**What you should do:**
Except for the pictures, reproduce the records word for word.

**The data:**
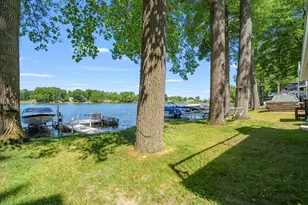 50400 Taylor Dr, Marcellus, MI 49067 - Photo 34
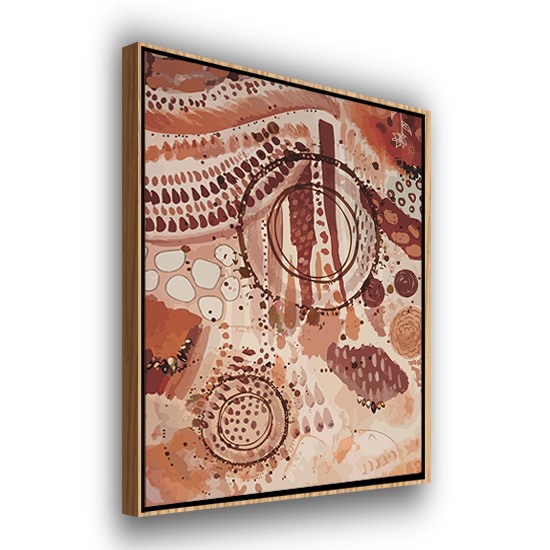 aboriginal art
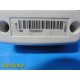 2009 Masimo Rad-7 Rainbow Pulse CO-Oximeter Handheld Monitor ~ 39797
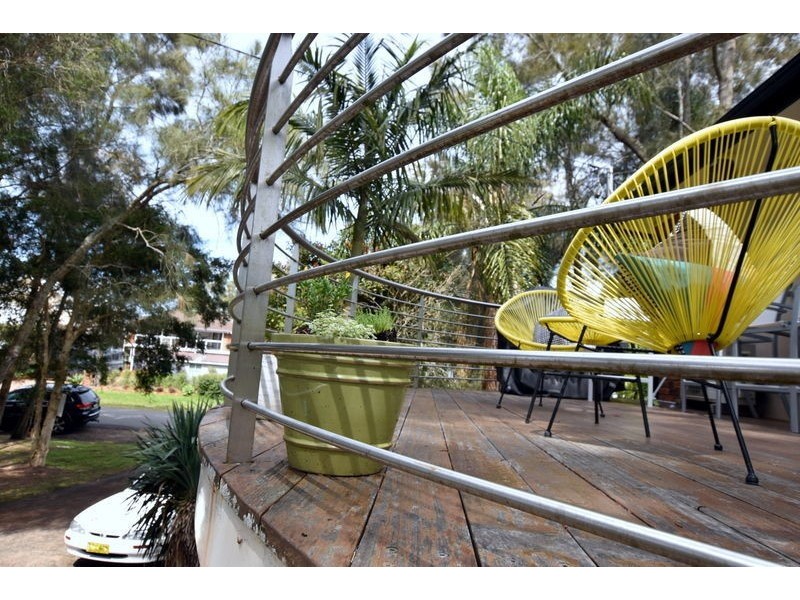 40 Aloha Drive, Chittaway Bay NSW 2261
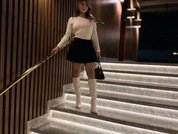 ValentinaCastillo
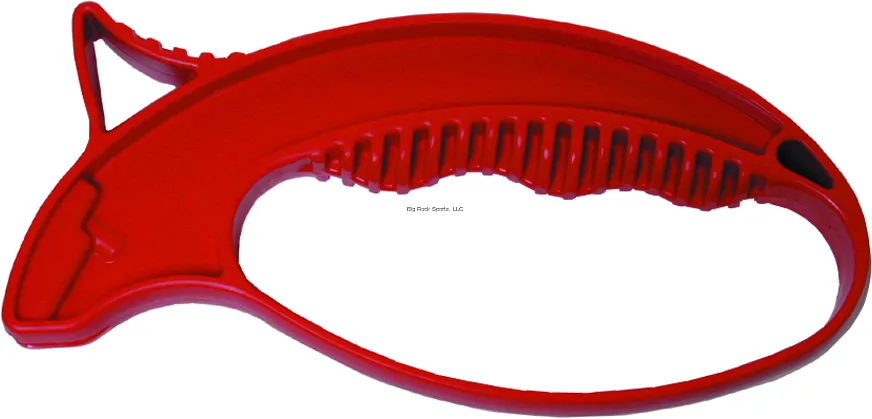 Lansky LSTCS Quick Edge Knife Sharp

**Output for this task:**
 50400 Taylor Dr, Marcellus, MI 49067 - Photo 34
 aboriginal art
 2009 Masimo Rad-7 Rainbow Pulse CO-Oximeter Handheld Monitor ~ 39797
 40 Aloha Drive, Chittaway Bay NSW 2261
 ValentinaCastillo
 Lansky LSTCS Quick Edge Knife Sharp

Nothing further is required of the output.